Friday Book Whimsy: The Hotel Nantucket.

Author Elin Hilderbrand is a prolific author, known for what is termed her “beach reads.” As much as I read, and as much as I enjoy a summer read, I have never read a book by this author. It won’t be the last one, because I enjoyed The Hotel Nantucket very much.

The Hotel Nantucket was once a well-respected hotel, known for entertaining the well-to-doers who habitat Nantucket Island in the summer. Unfortunately, the hotel suffered a serious fire in 1922 that killed a housekeeper, whose restless spirit wanders the hotel waiting for someone to discover the truth about the fire and putting her at peace.

Much like the hotel, Lizbeth Keaton has also suffered a setback, breaking up with her long-time fiance, with whom she ran a successful restaurant, after learning that he was involved with another woman. She leaves him and the restaurant behind. Lizbeth is delighted to be hired by billionaire Xavier Darling to run the completely remodeled Hotel Nantucket. Darling purchased the old hotel and spent millions bringing the it back to life. Everything about the hotel is perfect. The restaurant is run by a famous chef. The spa is magnificent. The rooms are sheer perfection with not a wrinkle or spot of dust to be found. The question is, can Lizbeth and her staff — all who have complicated histories and secrets — meet Darling’s goal: to receive a perfect score from the hotel critic who can make or break hotels? Thus far, no one has ever received a perfect score.

The hotel occupants have as many secrets as the staff. Shortly after the hotel opens, a mysterious woman and her two adorable children arrive, asking for a room for an unknown period of time. What’s more, she will pay cash, and money is no object.

The story is told from different vantage points, but it isn’t confusing at all. And the ghost of Grace, the housekeeper who died in the fire, isn’t a bit offputting. She’s merely an observer, and, while she plays a strong role in the story, it isn’t in any way a ghost story.

The Hotel Nantucket is a luscious novel that leaves the reading wishing they were rich enough to afford the thousand dollar rooms.

I loved this book.

Here is a link to the book.

Friday Book Whimsy: Malibu Rising

From its title, Malibu Rising sounds a bit like a beach read. I have nothing against beach reads, but I haven’t even been in the vicinity of a beach this summer. In fact, aside from a trip to Vermont, I mostly haven’t been outside of my back yard. Still, author Taylor Jenkins Reid wrote two of my favorite books of all time: Daisy Jones & the Six, and The Seven Husbands of Evelyn Hugo. I was ready to give this book a try.

What I like best about this author is that she doesn’t tackle books in a traditional way. Daisy Jones & the Six is presented as an oral history, making it unique and extremely readable. I hoped for the best from Malibu Rising, and I certainly wasn’t disappointed.

Every year, Nina and her siblings (Jay, Hud, and Kit) hold a summer-ending party. Nineteen eighty-three was no exception. Except this party changed many lives completely.

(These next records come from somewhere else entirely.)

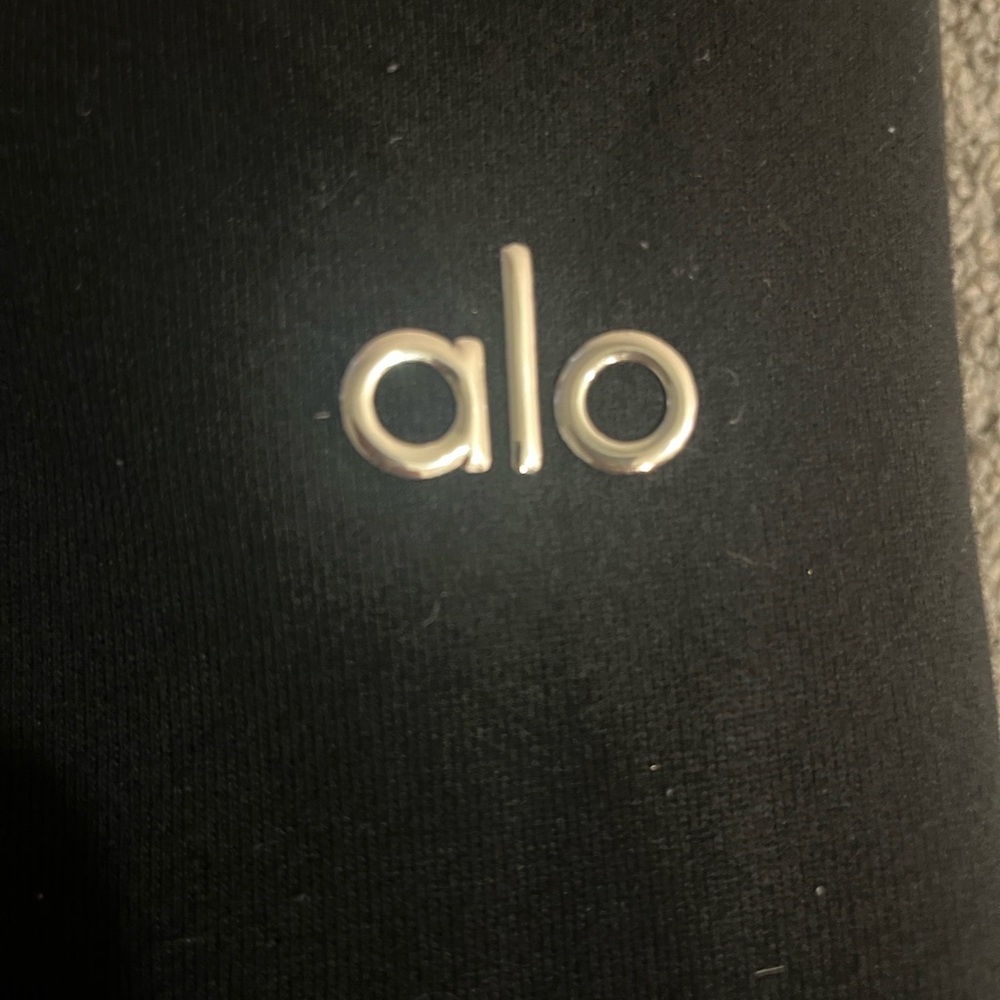 ALO Yoga Black Crewneck - Picture 4 of 4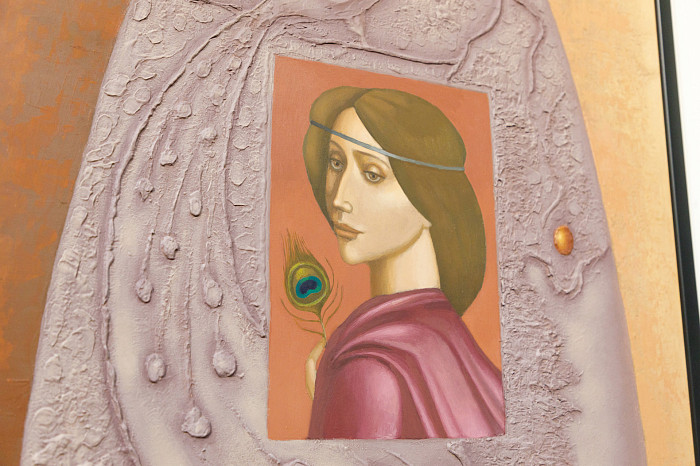 Таинственные маски и средневековые мотивы: в Туле открылась выставка художника Александра Майорова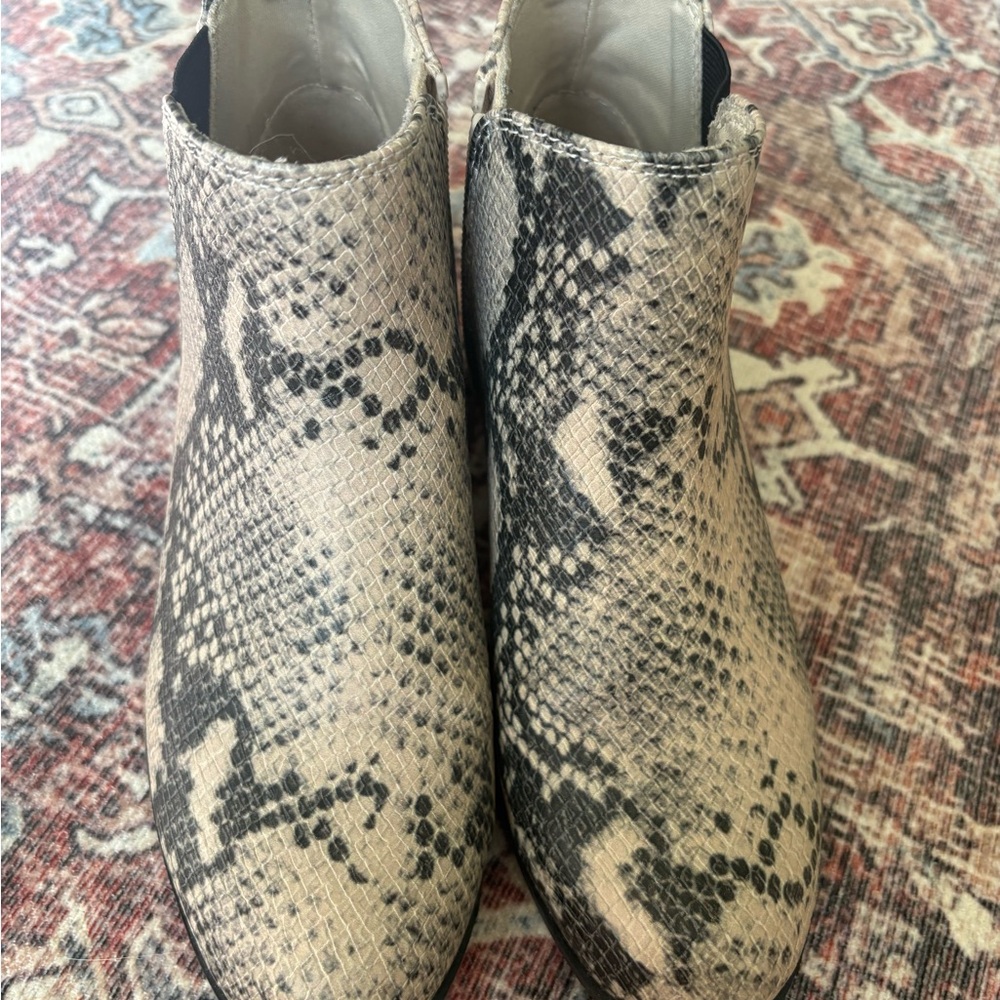 SO Snakeskin Pattern Ankle Booties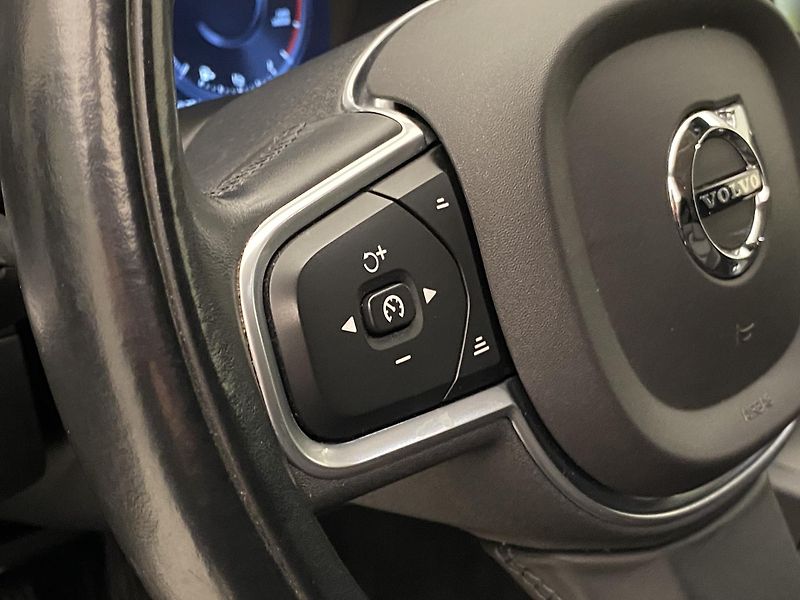 Volvo XC60 B4 AWD MOMENTUM AUT  - fotka 19 z 47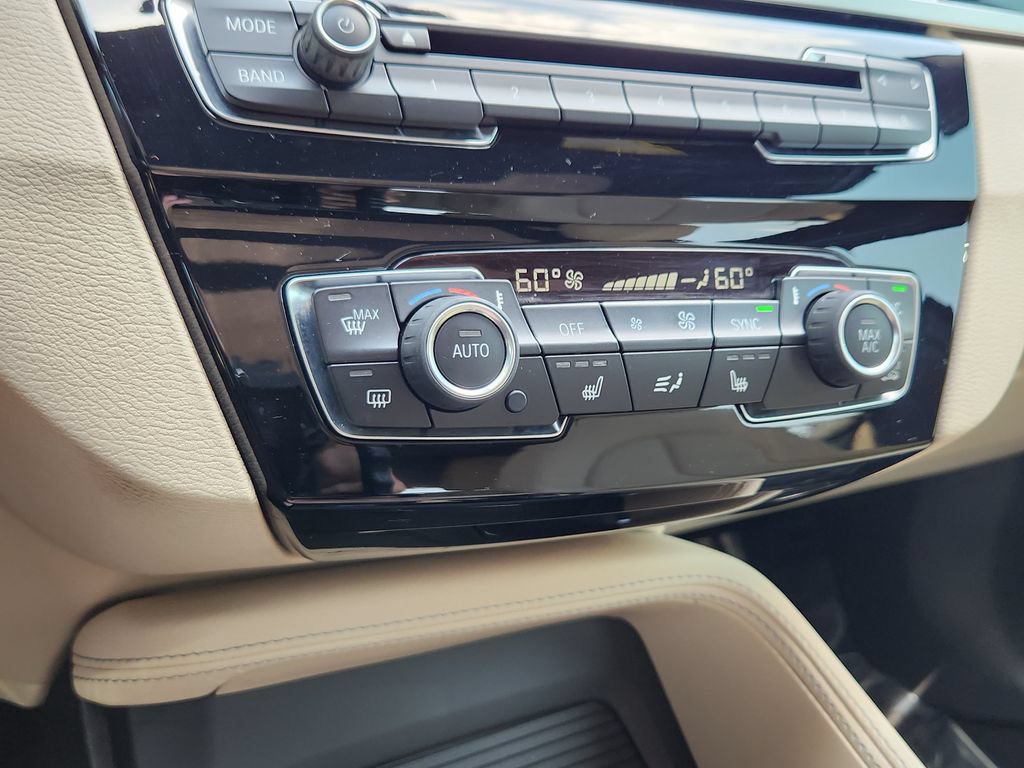 Used 2017 BMW X1 xDrive28i AWD/4WD image 10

These four are the children of a famous singer who knows how to entertain but doesn’t know how to be a faithful husband or a good father. He leaves his family when the children are young. His wife tries her best, but sadness and the stress of raising four kids alone drives her to drink herself to death when Nina — the eldest — is only 16 years old. She reaches out to her father, but doesn’t hear back from him. She quits high school to take care of her siblings the best that she can.

While the bulk of the story takes place in a single day, flashbacks tell the story of how the four cope with their unusual family situation. Once she turns 18, Nina takes over the restaurant that her mother’s family always ran. Jay becomes a professional surfer, while the youngest — Kit — tries to figure out where she fits into the family.

They author’s description of the party are vivid and crazy. There are no invitations, if you hear about the party, you can come. Alcohol and drugs are plentiful. Famous people mix with blue-collar workers. Nina’s siblings look forward to the party every year. This year, Nina — in the midst of getting a divorce from her famous husband — is not as enthusiastic.

Normally back-and-forth stories are troublesome to me. I sometimes find them confusing. The author’s telling of this story is, however, seamless. The characters are interesting and realistic. Most important, though they could be obnoxious, they are likable. Well, at least the main characters are likable.

Malibu Rising is a story of survival and figuring out who you are amidst chaos and confusion. The ending was satisfying, except for the fact that I wasn’t ready to be done reading. Yes, it was that good.